*REQUIRED ACTION*
Once the pictures are set aside, reproduce the remaining data exactly.

*DATA SEGMENT*
##########

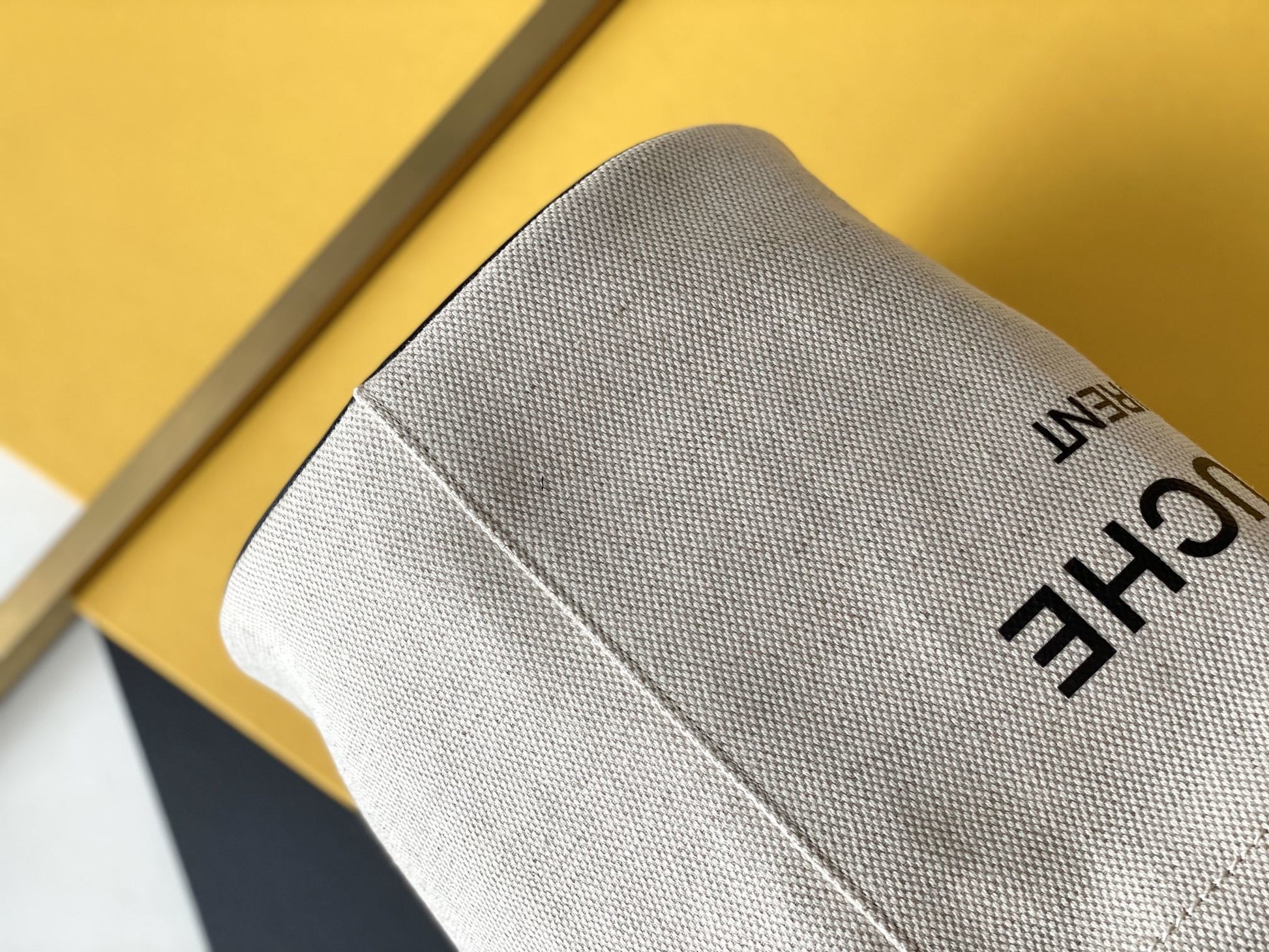 YSL Saint Laurent Rive Gauche Clutch Bag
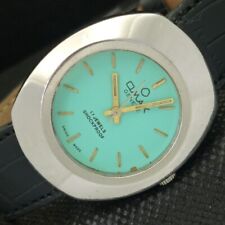 OLD OMAX AUTOMATIC SWISS MENS WATCH 586-a308035-1 for sale  Shipping to South Africa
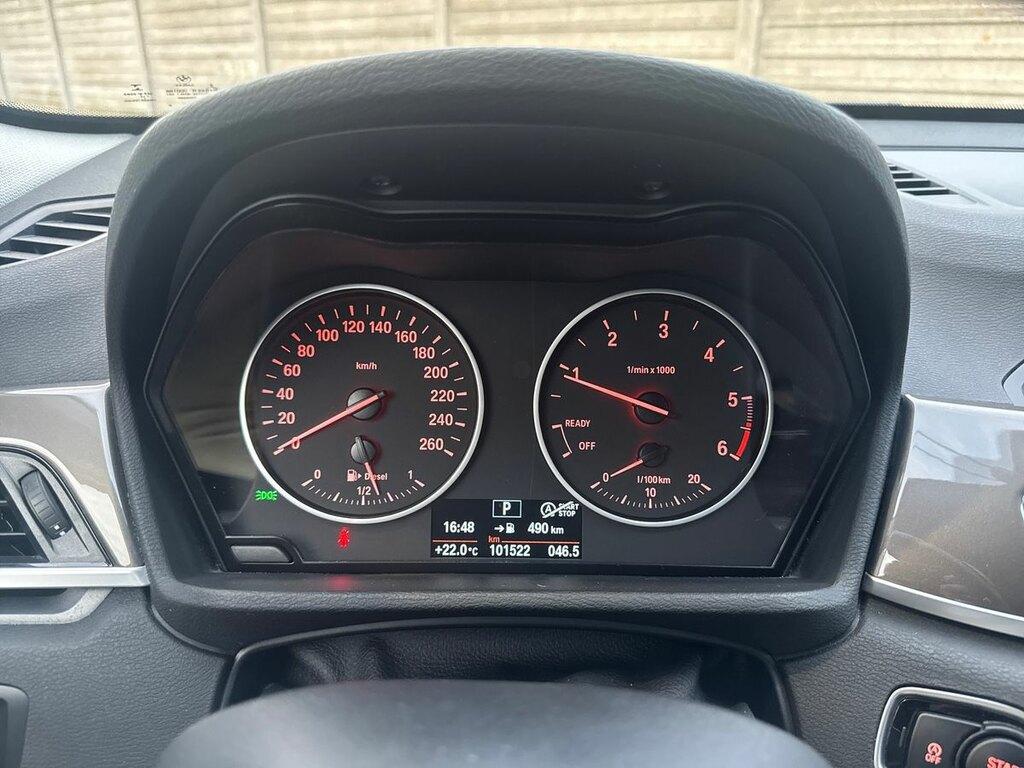 BMW X1 xdrive18d xLine auto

##########

*OUTPUT FOR THIS TASK*
 YSL Saint Laurent Rive Gauche Clutch Bag
 OLD OMAX AUTOMATIC SWISS MENS WATCH 586-a308035-1 for sale  Shipping to South Africa
 BMW X1 xdrive18d xLine auto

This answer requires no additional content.